= Your instructions =
Below is the data. Give it again, complete and exact.

(Collected data)
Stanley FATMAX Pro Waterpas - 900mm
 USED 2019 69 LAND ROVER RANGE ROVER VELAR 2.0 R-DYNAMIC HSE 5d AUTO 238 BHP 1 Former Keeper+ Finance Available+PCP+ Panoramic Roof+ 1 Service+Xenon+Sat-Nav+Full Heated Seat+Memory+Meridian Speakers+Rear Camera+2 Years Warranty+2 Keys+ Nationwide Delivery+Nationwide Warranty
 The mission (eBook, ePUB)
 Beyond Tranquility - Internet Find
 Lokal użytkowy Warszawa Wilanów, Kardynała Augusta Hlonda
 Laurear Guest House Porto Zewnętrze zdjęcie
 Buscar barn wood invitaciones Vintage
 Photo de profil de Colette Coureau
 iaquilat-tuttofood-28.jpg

= Answer to the problem =
Stanley FATMAX Pro Waterpas - 900mm
 USED 2019 69 LAND ROVER RANGE ROVER VELAR 2.0 R-DYNAMIC HSE 5d AUTO 238 BHP 1 Former Keeper+ Finance Available+PCP+ Panoramic Roof+ 1 Service+Xenon+Sat-Nav+Full Heated Seat+Memory+Meridian Speakers+Rear Camera+2 Years Warranty+2 Keys+ Nationwide Delivery+Nationwide Warranty
 The mission (eBook, ePUB)
 Beyond Tranquility - Internet Find
 Lokal użytkowy Warszawa Wilanów, Kardynała Augusta Hlonda
 Laurear Guest House Porto Zewnętrze zdjęcie
 Buscar barn wood invitaciones Vintage
 Photo de profil de Colette Coureau
 iaquilat-tuttofood-28.jpg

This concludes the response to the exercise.